However, it is quite possible to ignore the challenges that the organization is facing due to failure of the firm to utilize a suitable management paradigm and practice the theories that are essential for the survival of the firm. Paradigms are very useful tools to analyze and apply concepts which are beneficial to the entire organization. It sets a standard to follow and like rules, it must be implemented to obtain order and to avoid chaos in the corporate environment. But according to William Carr written in his article "A New Paradigm for Management", he states that there are two characteristics about paradigms which must be understood, 1) they are often invisible to those who live within them, and 2) there is massive resistance to change in or abandonment of the incumbent paradigm. While it is true that a paradigm is but a mental picture of how the organization behaves, more often than not, the individuals comprising the organization is oblivious to the system of management that had been laid before them. On the other hand, the irony lies in the fact that when a change in the order of system occurs, there is a strong opposition to the new paradigm because it is viewed as a threat of disruption of system in which the organization had established.
In the Modern Management Paradigm, employee involvement is a desirable trait of a well functioning organization. It emphasizes their contribution to the company’s growth and success when they put their efforts diligently on constantly improving on their task level. Lawler suggests that organizational effectiveness can be attained only by changing the ways in which organizations are managed and that the high-involvement or employee-centered management model is based on the belief that employees can be trusted to make important decisions about the management of their work. From his perspective, an organization becomes employee centered though focusing on participation that integrates the individual with the organization in order to achieve high productivity, thereby leading to competitive advantage (Lawler, 1992).
On the contrary, being equipped with competent managers and employees does not necessarily mean achievement of the organization’s goal. Due to increased competition and changes in the economy, it is important to develop a marketing strategy.
Hypercompetition, according to D’Aveni (1994) is a competitive situation where the key competitive success factor is the ability to constantly develop new products, processes or services providing the customer with increased functionality and performance. In a hypercompetitive environment, firms cannot count on a sustainable competitive advantage, but must continuously develop itself in new directions."
As such, it is as important to have managers who are thinking long term goals and does not restricts the possibilities that is in store for them and the entire organization. Resourcefulness and creativity are essential tools to capture the market’s interest and enhance profit for the business. Finally, Anders Drejer (2004) affirms it is quite possible to argue that hypercompetitive conditions are not a threat but an opportunity for agile and dynamic organizations.

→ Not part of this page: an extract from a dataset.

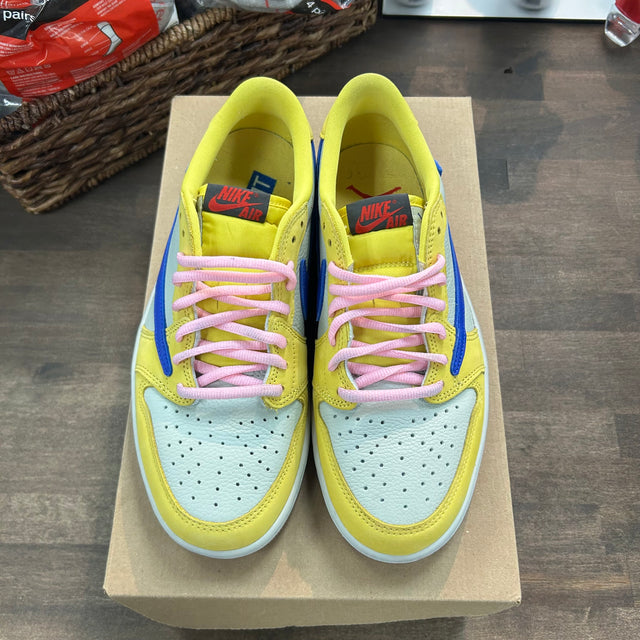 Travis Scott Canary Jordan 1 Low OG SP (W) (USED, No Box)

Therefore, we need to get managers to practice strategic thinking, innovation management and business creation.
Litschert, R. J., &amp. Bonham, T.W. (1978). Academy of Management Review.Virginia Polytechnic Institute and State University.

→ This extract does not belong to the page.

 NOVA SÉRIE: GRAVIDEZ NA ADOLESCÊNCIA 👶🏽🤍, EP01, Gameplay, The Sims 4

Carr, W.C. (1992). A New Paradigm for Management. Survey of Business. 28, 1. ABI/INFORM Global, pg. 18
Drejer, A. Back to basics and beyond: Strategic Management – an area where practice and theory are poorly related. Management Decision (2004). 42, 3/4. ABI/INFORM Global, pg. 508
D’Aveni, R.A. (1994). hypercompetition – Managing the Dynamics of Strategic Maneuvering, The Free Press. New York, NY.
Lawler, E.E. (1992). The Ultimate Advantage: Creating the High Involvement Organization. Jossey Bass. San Fracisco, CA.